Pictures are to be left out; every line from the one with "Versace Backpack Multicolor" through the end of the data must be transcribed exactly.

- _Provided material_:
----

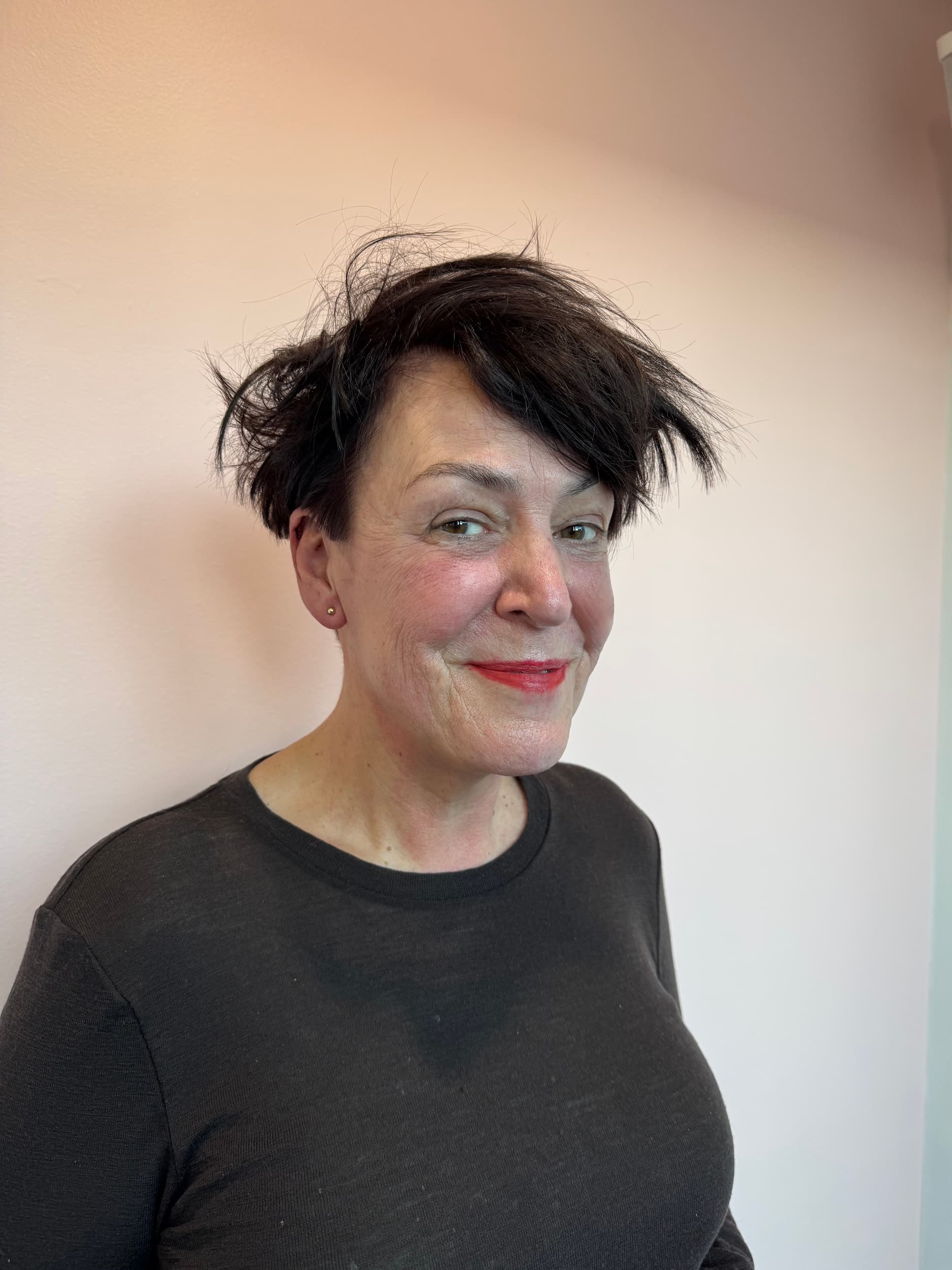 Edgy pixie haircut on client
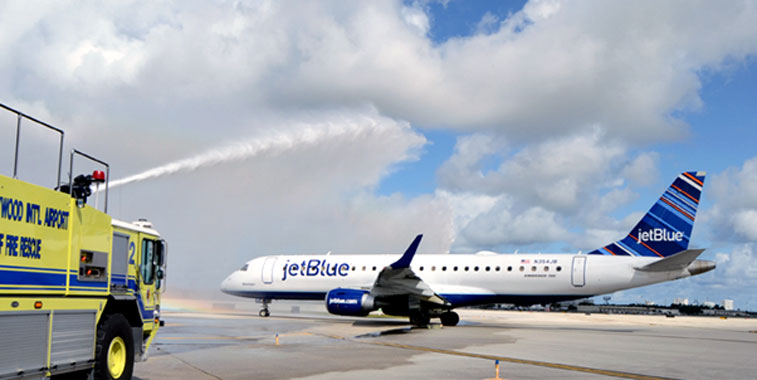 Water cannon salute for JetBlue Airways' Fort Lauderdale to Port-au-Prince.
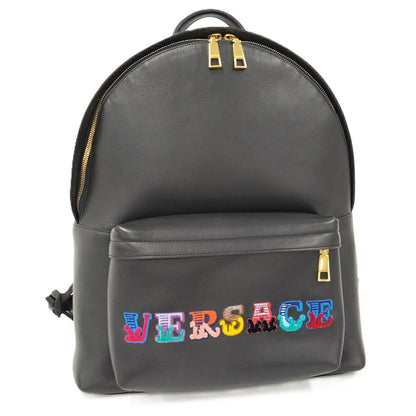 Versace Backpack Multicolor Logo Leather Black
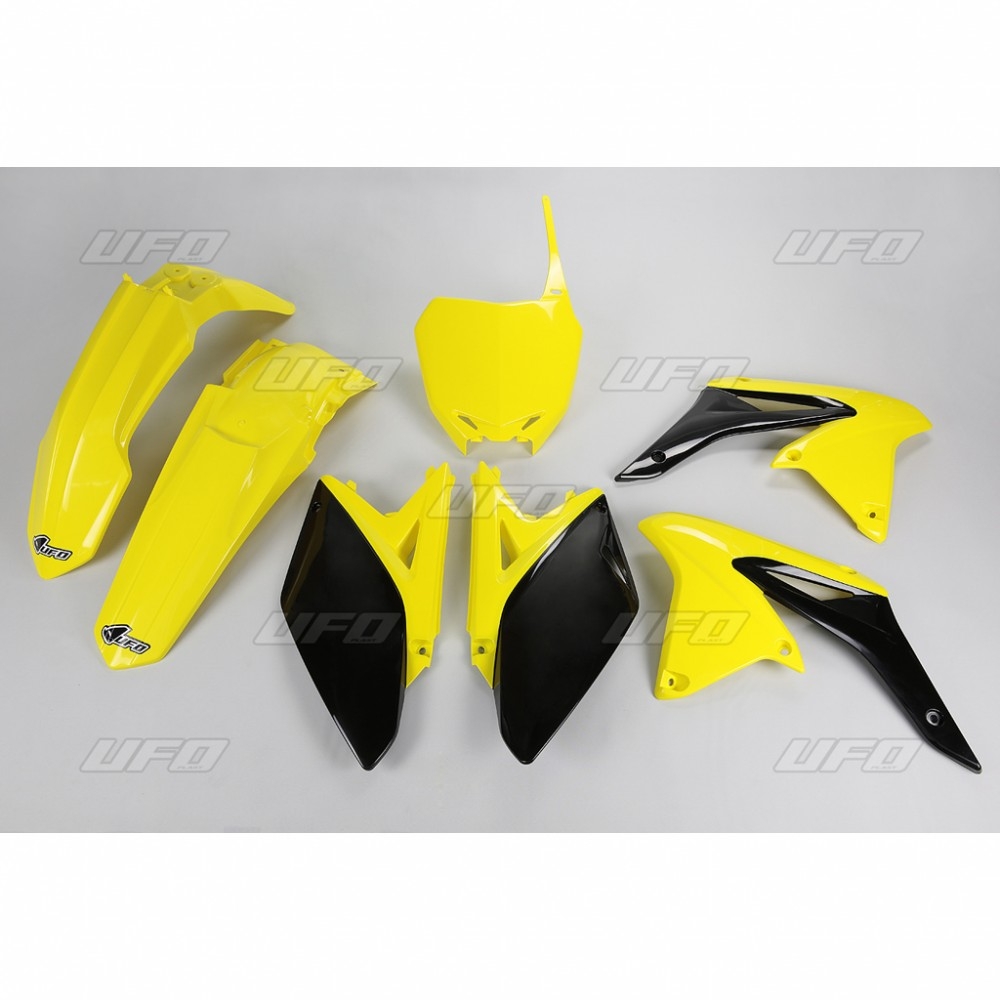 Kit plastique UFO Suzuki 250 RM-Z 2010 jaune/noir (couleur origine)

----

- _Output for this exercise_:
 Versace Backpack Multicolor Logo Leather Black
 Kit plastique UFO Suzuki 250 RM-Z 2010 jaune/noir (couleur origine)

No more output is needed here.